Travelling the road to discovery

Published on 26th August, 2010 in Global Bloggers by Martin McMorrow

Auckland is blessed with a full, radiant moon. But does that mean there’s a full moon everywhere, floating simultaneously over desert sands and frozen tundra, not just our own boggy fields? Why don’t I know these things? I can only comfort myself with the quote from Einstein that opens our Global pre-intermediate Coursebook – The important thing is not to stop questioning.

Questioning, and, as a teacher, being questioned! Too often, I’ve been like the class bus driver, transporting students along my own pre-determined route – rather than a taxi service, listening and taking them where they want to go.
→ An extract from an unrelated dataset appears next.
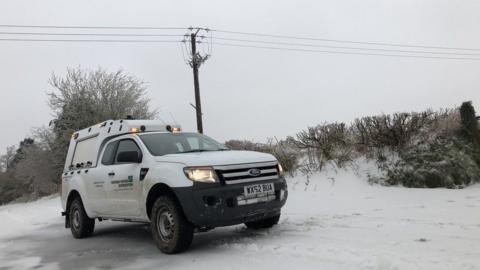 Power crews in the Moorlands in snow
Questions take you off-road, on journeys of discovery. Last week a postgraduate student emailed me about tenses in his literature review. Instead of dispensing advice pills, as I usually do, I decided to let the question propel me into analysing authentic research articles. I found that about 40% of verb forms were indeed in the present simple, with only 3% in the past simple.

So far, so predictable. But digging into text unearthed unexpected treasures. For instance, how hard we work our basic grammar, even in highly sophisticated academic writing: nearly one in five of the verb forms in the research articles were simply is or are. And three quarters of the past simple uses were the single form found.

What stood out for me was how very common the –ing form is – as common in these research articles as past, present perfect and modal verbs put together! How many times have I read about the passive in academic writing: where are the champions of the humble –ing, which in my brief analysis was twice as common? Clearly –ing needs to fire its PR agent and get itself a respectable job title ASAP!

Global, at least, is on the case, with a whole page in Unit 5 (page 59). Incidentally, the three uses highlighted in Global were all in evidence in my analysis: 10% of –ings were subjects or objects of clauses, 7% followed verbs and 46% followed prepositions or adverbs. The other –ings (37%) were reduced relative clauses – let’s leave that for a future journey!

That innocuous question has held me (willingly) captive for long enough tonight. As I gaze out at the star-spangled sky, I can almost believe the Man in the Moon is smiling down on me – or is it a rabbit after all? Now, that’s a question for another night!